TASK PROMPT: Among the records that follow, set down only the lines from the one containing "Auto Rotating Eyeliner" to the one containing "Autovisie 17 2007", both included, exactly.

DATASET ENTRIES:
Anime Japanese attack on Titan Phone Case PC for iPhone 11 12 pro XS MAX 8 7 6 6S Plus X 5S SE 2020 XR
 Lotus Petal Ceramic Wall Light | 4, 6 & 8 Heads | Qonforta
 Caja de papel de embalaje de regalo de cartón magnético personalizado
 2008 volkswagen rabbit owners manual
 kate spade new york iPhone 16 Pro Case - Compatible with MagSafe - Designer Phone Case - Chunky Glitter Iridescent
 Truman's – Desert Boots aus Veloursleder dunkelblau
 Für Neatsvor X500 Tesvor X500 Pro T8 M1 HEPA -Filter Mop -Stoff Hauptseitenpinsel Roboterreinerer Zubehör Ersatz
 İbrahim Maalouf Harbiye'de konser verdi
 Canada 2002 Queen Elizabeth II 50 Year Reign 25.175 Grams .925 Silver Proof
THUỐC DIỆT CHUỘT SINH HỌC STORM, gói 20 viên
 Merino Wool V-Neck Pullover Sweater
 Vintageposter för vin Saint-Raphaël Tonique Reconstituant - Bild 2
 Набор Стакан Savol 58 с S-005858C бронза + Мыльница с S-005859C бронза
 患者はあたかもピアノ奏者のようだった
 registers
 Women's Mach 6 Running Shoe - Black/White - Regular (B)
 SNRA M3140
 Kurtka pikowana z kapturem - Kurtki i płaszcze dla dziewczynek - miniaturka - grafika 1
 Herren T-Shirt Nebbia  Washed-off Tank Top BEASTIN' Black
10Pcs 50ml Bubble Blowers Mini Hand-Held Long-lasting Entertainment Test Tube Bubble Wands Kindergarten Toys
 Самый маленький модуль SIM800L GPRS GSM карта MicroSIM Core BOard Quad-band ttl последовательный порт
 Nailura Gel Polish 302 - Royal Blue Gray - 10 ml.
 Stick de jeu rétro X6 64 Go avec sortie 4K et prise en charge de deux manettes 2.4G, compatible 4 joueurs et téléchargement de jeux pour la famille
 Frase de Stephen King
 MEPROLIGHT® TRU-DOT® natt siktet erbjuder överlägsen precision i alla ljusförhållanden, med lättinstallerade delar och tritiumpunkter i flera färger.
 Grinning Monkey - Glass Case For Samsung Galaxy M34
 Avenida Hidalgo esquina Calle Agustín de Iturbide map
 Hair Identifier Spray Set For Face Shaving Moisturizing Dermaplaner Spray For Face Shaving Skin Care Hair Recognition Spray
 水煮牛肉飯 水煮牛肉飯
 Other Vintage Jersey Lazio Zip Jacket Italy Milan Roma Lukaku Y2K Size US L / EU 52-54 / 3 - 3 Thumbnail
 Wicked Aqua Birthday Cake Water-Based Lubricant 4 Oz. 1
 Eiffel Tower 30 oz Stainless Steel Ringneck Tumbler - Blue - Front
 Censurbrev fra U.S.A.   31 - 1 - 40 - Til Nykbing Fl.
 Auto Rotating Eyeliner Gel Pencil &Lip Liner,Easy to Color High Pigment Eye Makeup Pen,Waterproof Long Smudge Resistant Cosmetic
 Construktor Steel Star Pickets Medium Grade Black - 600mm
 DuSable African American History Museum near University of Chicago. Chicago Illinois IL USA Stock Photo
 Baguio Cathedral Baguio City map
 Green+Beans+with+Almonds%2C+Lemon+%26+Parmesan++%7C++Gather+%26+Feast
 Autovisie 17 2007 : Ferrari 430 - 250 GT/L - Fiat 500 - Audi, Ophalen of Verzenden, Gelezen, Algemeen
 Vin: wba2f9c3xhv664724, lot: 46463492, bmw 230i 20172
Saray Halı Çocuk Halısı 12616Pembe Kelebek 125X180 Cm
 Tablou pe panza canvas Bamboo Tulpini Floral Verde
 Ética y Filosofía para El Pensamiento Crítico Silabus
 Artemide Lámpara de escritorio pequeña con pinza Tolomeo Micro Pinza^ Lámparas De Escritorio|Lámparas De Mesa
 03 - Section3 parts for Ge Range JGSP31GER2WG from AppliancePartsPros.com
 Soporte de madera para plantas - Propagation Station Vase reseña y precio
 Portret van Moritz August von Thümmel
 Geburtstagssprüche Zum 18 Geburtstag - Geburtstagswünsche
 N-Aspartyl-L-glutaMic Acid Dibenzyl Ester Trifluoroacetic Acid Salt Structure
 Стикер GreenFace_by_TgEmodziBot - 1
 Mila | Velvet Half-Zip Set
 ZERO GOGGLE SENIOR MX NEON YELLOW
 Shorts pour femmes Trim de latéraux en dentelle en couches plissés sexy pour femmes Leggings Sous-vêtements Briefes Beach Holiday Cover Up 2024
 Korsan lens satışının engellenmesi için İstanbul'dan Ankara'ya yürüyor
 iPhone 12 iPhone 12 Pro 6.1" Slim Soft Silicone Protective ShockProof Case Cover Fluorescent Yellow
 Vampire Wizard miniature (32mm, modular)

TASK ANSWER:
 Auto Rotating Eyeliner Gel Pencil &Lip Liner,Easy to Color High Pigment Eye Makeup Pen,Waterproof Long Smudge Resistant Cosmetic
 Construktor Steel Star Pickets Medium Grade Black - 600mm
 DuSable African American History Museum near University of Chicago. Chicago Illinois IL USA Stock Photo
 Baguio Cathedral Baguio City map
 Green+Beans+with+Almonds%2C+Lemon+%26+Parmesan++%7C++Gather+%26+Feast
 Autovisie 17 2007 : Ferrari 430 - 250 GT/L - Fiat 500 - Audi, Ophalen of Verzenden, Gelezen, Algemeen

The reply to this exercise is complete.